If my observations are correct (and it is too soon to be certain), I wonder if this is a leading indicator from Democrat staffers that they expect losses of epic proportions?
There are a lot of people who won't vote Republican, so will vote Democrat by default ("my father was a Democrat, my grandfather was a Democrat..."). But would vote for a rebel 3rd party candidate.
Also this could hurt the incumbant more than the major party challenger. See Bush/Perot in 1992.
Come to think of it, most all the disaffected types who showed up at the local convention for Paul did tend to more toward the left end of the spectrum, though they were all clearly trained to insist on their Republican bona fides. Great message control there.
Republicans who vote 3rd tend to like more centrist candidates like Ross Perot or Jesse Ventura.
Lyssa said... This surprises me not in the least. The majority of Paul's ardent supporters are not the same folks who vote for Republicans in the general election.
Me neither. I followed most of the Republican debates. Paul's biggest supporters seemed to be mostly Dems feigning an interest in who to set up against Obama in The Fall™.

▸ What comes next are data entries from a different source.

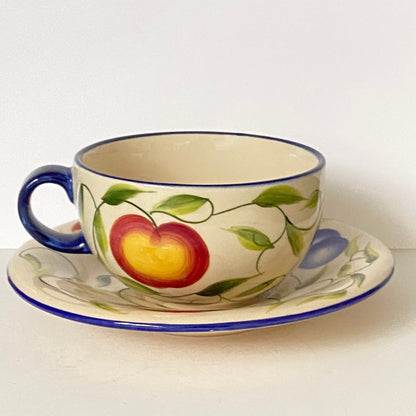 Pear, Plumb and Peach Design Coffee cup and Saucer by London Pottery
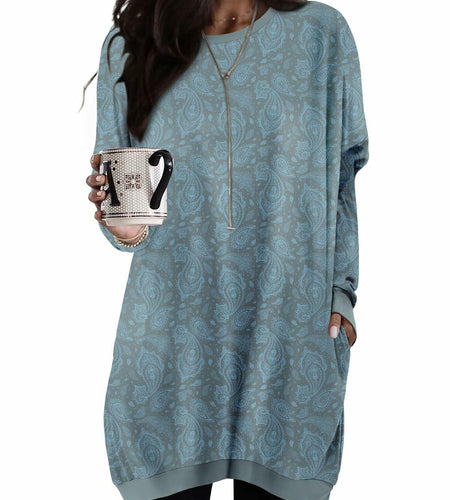 KISSMODA Women's Long Sleeve Tunic Top Casual with Pockets Size M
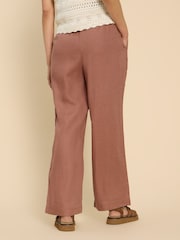 White Stuff Tan Brown 100% Linen Blend Belle Wide Trousers - Image 2 of 7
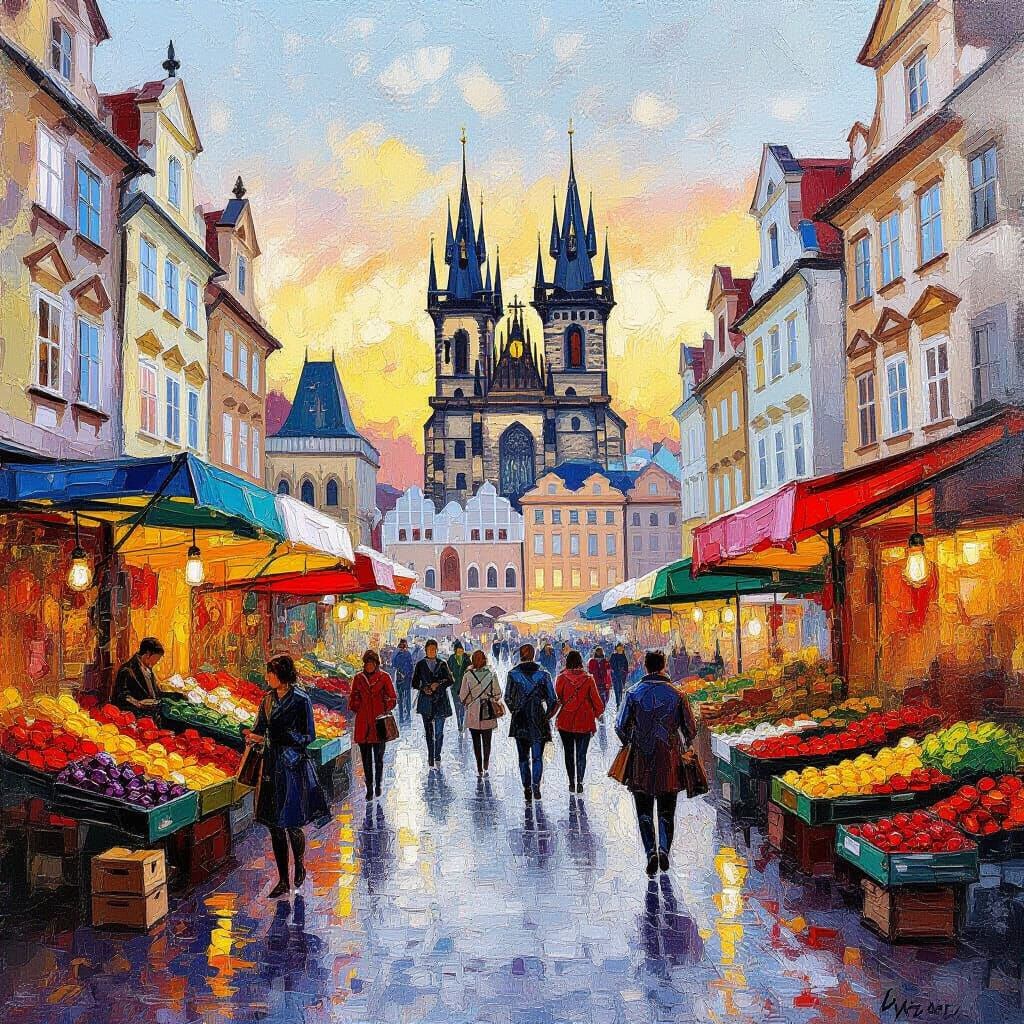 Vibrant Prague Market Scene in Textured Acrylic Style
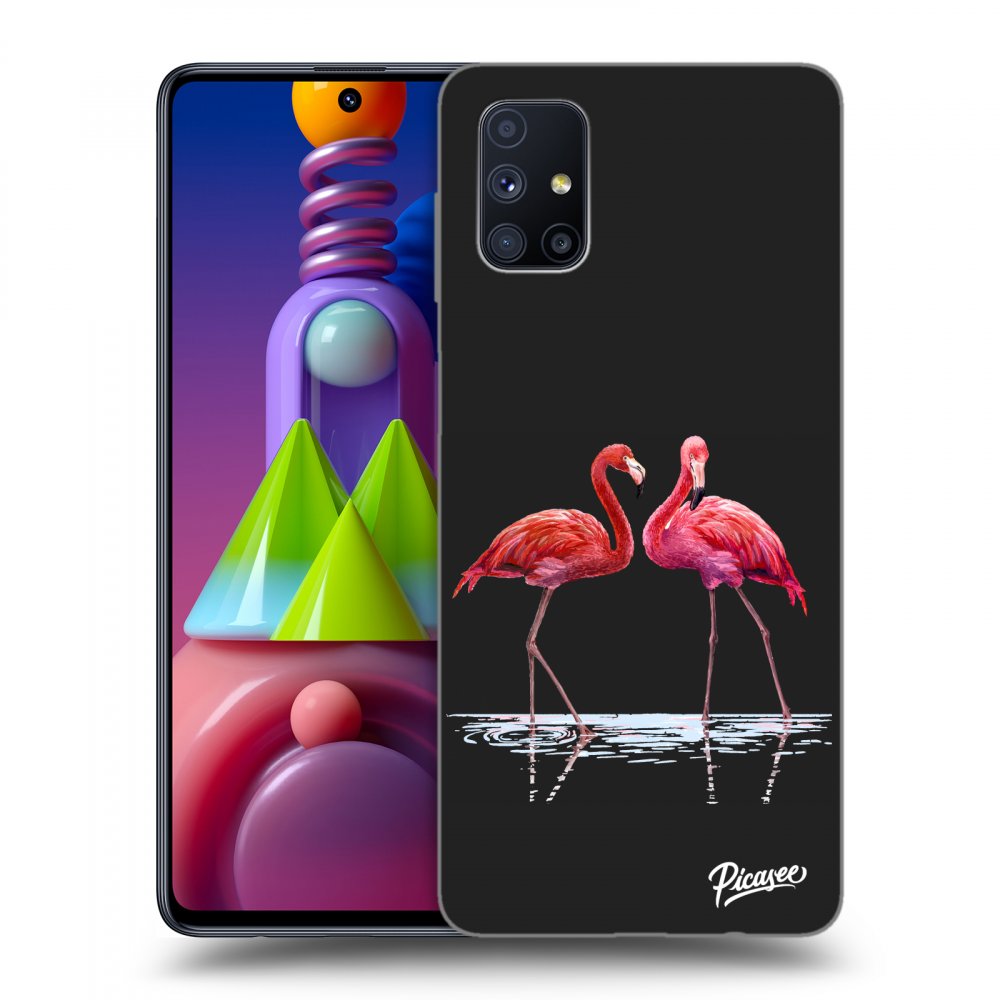 Picasee fekete szilikon tok az alábbi mobiltelefonokra Samsung Galaxy M51 M515F - Flamingos couple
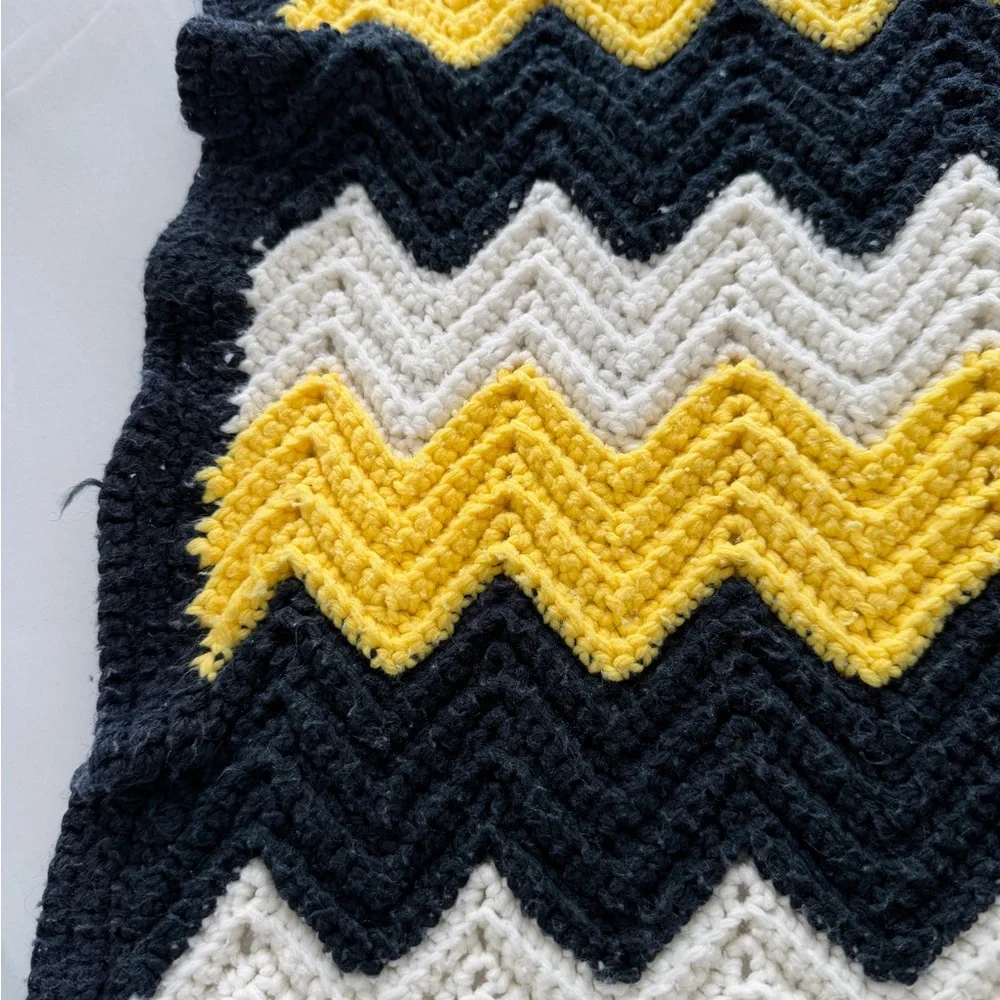 Handmade 1970’s Crocheted Chevron Patterned Afghan Blanket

Ron Paul wants to actually balance the budget, close 6 federal agencies, and get rid of the Federal Reserve. He's serious (God bless him). And he's going to siphon off Obama voters???? No way in hell.
Of course it helps Romney. Ron Paul gets a lot of support from young folks in California. When we're in San Diego a lot of young people campaign for Paul, walking the boardwalk and even the beach handing out literature. They're committed.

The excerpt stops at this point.